Teria este rapaz com pronúncia do norte barba como todos agora? Uma autêntica praga. Homens bonitos estão medonhos com barba. Já não se trata só daquela penugem pseudo-trendy e sexy de três dias. Não, uma barba grande e aspra que emagrece as faces, acentua a falta de beleza ou anula-a, conforme os casos. 

O país é de quem cá vive, penso. Até dos que usam barba :)
Não se pode não participar, não querer votar. Vendo bem, é o grande momento em que contamos. Com o nosso voto. Em que fazemos a diferença, seja qual for a opção.

Muitos, desencantados com os políticos e as sucessivas governações dizem que não vão votar porque não acreditam em nenhum político.

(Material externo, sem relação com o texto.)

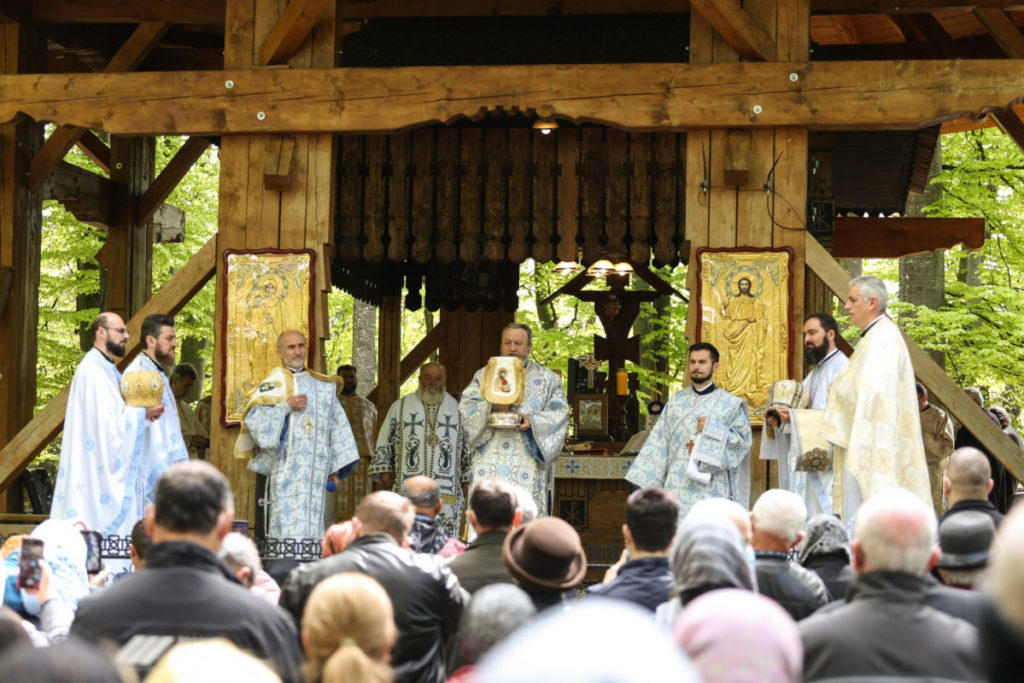 Rugăciuni către Maica Domnului la Mănăstirea Sâmbăta de Sus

Este cepticismo não se deve materializar na abstenção, na ausência de posição. Antes num interesse maior. Não existe outro sistema melhor, vivemos neste e ele implica com todo o nosso dia-a-dia. Não há vida à parte da sociedade mesmo que se seja eremita...


Para além de todas as medidas de austeridade e de destruição da democracia (acesso gratuito à educação, à saúde e à justiça, por exemplo), o que mais me indigna e revolta nestes senhores que nos governam é o desprezo total pelas pessoas. Pelas pessoas mais frágeis e mais pobres. 
O materialismo extremo. O diz que disse e o passa culpas permanente. A mentira como metodologia. A ausência de valores. A propaganda do medo e da subserviência. A mediocridade.
O que está em votação é o querer ou não a continuação desta violência psicológica que destrói aos poucos qualquer tentativa de integridade, de bem, de solidariedade ou conforto.
Gostei de ler a Luísa Meireles no Expresso "E já só faltam quatro dias..." que recomendo.